> **Problem to solve**
The output should consist solely of the line containing "Pisabet 425 - Son Giriş Adresi" and the lines that follow it through the end of the data below.

> **Supplied data**

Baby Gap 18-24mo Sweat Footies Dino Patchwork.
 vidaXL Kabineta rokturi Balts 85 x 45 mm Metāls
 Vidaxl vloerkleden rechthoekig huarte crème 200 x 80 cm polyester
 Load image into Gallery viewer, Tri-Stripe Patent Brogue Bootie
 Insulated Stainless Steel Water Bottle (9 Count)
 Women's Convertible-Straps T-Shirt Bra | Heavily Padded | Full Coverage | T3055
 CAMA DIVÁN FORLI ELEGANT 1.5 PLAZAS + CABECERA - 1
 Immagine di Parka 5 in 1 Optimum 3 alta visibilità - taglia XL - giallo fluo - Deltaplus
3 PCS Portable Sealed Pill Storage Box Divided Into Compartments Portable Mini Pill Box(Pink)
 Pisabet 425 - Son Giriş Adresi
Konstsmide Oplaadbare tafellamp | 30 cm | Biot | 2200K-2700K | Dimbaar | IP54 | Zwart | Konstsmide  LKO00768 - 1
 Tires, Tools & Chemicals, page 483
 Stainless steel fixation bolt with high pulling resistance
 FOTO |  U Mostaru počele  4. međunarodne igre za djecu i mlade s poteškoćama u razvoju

> **Result of this task**
 Pisabet 425 - Son Giriş Adresi
Konstsmide Oplaadbare tafellamp | 30 cm | Biot | 2200K-2700K | Dimbaar | IP54 | Zwart | Konstsmide  LKO00768 - 1
 Tires, Tools & Chemicals, page 483
 Stainless steel fixation bolt with high pulling resistance
 FOTO |  U Mostaru počele  4. međunarodne igre za djecu i mlade s poteškoćama u razvoju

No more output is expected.